Some express the hope — or the fear — that governments could coax their central banks into inflating away the debt instead. That is theoretically possible. But it would, of course, only mean the crumbling of another pillar of the conventional wisdom on what constitutes “serious” economic policy, namely the inflation-stabilising central bank.
The evidence, however, is that central banks struggle to push inflation up even to their own targets, let alone enough to erode public debt meaningfully. Japan’s case is instructive: decades of loose and often pioneering monetary policy has failed to inflate away public debt.
Equally enlightening is that Japan’s tax take, which used to be well below the rich-country average, has gone up markedly. According to the OECD, Tokyo took in 25.8 per cent of gross domestic output in taxes broadly defined in 2000, or 8 percentage points below the OECD average. Before the pandemic that had converged to 31.4 per cent of GDP, within 3 percentage points of the OECD average. If Japan is a harbinger of the future for all rich economies, then, expect public debt to stay high and taxes to move higher.
It is hard to imagine such a shift in governing ideas without a change in politics, too. Bear in mind whose interests were best served by prevailing ideas of fiscal responsibility. Public borrowing, it was long thought, crowds out private investment by making financing costlier for the private sector. Higher taxes, naturally, have been seen as reducing the profitability of private enterprise.
The old orthodoxy, in other words, has suited the asset rich and those enjoying income from owning or controlling capital. The power of those interests — in terms of defining the reigning ideas of what counts as serious policy, if not also by lobbying directly — can be seen in the response by most countries to the previous jump in public debt, caused by the global financial crisis. Fiscal orthodoxy was behind the drive to cut public spending in many countries.

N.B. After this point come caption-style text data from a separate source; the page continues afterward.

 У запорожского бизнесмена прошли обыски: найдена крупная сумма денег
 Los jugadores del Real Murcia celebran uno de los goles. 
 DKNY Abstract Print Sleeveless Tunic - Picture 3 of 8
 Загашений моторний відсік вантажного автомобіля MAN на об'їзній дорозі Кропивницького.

It is much harder to imagine significant cuts to public budgets today. Partly because the damage from past cuts is now visible and further ones are more difficult to justify. Partly because the pandemic itself focuses the political spotlight on inadequate public services and underpaid public sector and other key workers. Much more than a decade ago, budget shortfalls will now have to be covered by tax raises.
There is no reason to expect those who benefited from the “fiscal responsibility” of the past to give up the fight for their interests. If significant tax rises are indeed inevitable, the fight will move to where the heavier tax burden falls: which taxes go up and by how much. Expect this to be the fiercest battle over economic policy if, and when, we return to some semblance of normality.